→ PROMPT:
Look in the material below for the line with "Interior of a" and the line with "A person wearing", then set down exactly those two lines and all lines between, nothing more.
** DATASET EXTRACT follows **
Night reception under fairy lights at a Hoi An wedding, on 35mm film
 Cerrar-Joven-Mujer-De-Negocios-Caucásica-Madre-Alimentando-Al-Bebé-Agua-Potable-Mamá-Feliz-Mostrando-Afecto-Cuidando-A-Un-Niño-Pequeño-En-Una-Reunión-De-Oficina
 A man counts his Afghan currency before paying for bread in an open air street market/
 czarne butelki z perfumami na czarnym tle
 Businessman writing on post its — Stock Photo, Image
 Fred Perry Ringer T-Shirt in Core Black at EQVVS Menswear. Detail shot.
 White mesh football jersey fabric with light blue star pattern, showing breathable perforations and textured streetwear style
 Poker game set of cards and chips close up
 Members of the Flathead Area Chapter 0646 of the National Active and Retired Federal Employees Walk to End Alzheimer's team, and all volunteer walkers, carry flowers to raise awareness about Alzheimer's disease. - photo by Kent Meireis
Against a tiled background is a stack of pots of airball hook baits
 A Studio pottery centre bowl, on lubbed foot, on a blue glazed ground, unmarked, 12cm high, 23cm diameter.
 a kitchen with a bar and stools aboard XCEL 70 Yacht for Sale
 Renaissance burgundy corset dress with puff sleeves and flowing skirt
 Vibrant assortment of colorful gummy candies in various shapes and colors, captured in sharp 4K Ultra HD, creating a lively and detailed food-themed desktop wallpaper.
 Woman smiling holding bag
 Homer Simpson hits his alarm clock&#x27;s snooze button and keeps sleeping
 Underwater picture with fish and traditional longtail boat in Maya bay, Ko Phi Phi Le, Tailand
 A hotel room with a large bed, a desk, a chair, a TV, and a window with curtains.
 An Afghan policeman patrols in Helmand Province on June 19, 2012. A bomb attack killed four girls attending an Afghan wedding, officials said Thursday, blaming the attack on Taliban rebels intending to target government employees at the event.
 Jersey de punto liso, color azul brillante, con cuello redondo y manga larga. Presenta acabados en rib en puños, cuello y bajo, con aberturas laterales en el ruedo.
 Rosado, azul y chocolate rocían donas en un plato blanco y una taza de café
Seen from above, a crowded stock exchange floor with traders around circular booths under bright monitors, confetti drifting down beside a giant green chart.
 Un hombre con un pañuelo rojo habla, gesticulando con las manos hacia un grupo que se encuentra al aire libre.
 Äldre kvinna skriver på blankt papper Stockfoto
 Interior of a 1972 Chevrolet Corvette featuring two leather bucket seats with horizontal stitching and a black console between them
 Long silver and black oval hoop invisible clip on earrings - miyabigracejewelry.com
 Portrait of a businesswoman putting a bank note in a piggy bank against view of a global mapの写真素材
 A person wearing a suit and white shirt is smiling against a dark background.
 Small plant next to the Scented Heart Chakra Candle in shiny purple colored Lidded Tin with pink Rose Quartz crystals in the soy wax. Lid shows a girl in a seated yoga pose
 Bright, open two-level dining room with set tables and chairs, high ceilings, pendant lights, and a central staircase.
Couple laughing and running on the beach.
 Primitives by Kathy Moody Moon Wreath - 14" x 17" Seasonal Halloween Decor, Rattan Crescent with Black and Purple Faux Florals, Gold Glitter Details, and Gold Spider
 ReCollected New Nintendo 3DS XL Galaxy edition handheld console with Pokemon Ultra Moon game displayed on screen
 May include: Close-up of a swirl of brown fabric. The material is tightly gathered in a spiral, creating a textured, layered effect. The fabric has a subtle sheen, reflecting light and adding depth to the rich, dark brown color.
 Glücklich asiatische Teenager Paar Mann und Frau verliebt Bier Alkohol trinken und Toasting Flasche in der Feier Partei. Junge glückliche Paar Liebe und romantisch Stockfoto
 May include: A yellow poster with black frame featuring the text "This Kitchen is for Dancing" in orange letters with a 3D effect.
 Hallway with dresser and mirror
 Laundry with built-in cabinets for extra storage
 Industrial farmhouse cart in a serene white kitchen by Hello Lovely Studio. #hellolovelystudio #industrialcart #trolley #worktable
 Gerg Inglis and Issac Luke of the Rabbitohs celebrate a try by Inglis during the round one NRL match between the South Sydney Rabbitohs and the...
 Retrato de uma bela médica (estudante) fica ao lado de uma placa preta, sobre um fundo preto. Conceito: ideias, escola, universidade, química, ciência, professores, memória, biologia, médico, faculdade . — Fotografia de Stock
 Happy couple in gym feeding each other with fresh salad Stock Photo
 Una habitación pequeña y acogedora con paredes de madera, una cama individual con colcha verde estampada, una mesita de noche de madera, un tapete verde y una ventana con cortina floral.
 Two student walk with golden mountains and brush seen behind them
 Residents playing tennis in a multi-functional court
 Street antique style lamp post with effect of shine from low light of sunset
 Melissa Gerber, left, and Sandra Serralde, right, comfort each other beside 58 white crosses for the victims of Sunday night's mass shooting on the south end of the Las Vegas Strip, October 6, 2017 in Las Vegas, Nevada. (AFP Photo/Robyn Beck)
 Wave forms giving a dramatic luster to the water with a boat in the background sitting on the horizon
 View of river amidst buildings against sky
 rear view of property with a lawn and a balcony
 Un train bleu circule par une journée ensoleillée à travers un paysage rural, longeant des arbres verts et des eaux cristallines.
** End of DATASET EXTRACT **
→ OUTPUT OF THE TASK:
 Interior of a 1972 Chevrolet Corvette featuring two leather bucket seats with horizontal stitching and a black console between them
 Long silver and black oval hoop invisible clip on earrings - miyabigracejewelry.com
 Portrait of a businesswoman putting a bank note in a piggy bank against view of a global mapの写真素材
 A person wearing a suit and white shirt is smiling against a dark background.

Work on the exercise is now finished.